▸ **Work instructions**:
Only the lines from the one that contains "New! Komarov Tiered Chiffon V Photo 8" through the final line of the entries should be repeated, exactly as written.

▸ **Data for analysis**:
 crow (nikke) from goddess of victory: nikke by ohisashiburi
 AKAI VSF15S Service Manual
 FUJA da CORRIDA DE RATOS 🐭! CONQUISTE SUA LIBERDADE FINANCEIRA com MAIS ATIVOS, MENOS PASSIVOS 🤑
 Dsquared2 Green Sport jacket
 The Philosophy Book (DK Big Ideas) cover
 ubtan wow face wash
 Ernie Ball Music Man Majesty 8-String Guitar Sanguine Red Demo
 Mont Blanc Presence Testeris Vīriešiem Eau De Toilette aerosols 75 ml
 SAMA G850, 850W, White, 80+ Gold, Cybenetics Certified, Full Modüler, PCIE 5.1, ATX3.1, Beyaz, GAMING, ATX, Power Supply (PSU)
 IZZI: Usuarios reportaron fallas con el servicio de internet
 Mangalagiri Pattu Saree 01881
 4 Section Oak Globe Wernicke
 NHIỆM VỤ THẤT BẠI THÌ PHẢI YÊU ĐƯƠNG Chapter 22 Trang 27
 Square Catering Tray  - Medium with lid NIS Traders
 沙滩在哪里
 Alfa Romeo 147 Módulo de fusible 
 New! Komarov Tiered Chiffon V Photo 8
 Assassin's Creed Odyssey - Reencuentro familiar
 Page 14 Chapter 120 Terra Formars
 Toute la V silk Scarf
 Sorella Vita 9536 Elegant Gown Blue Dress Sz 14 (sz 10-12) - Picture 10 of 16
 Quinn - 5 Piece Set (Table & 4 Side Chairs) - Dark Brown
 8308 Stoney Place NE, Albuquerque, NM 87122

▸ **Written answer**:
 New! Komarov Tiered Chiffon V Photo 8
 Assassin's Creed Odyssey - Reencuentro familiar
 Page 14 Chapter 120 Terra Formars
 Toute la V silk Scarf
 Sorella Vita 9536 Elegant Gown Blue Dress Sz 14 (sz 10-12) - Picture 10 of 16
 Quinn - 5 Piece Set (Table & 4 Side Chairs) - Dark Brown
 8308 Stoney Place NE, Albuquerque, NM 87122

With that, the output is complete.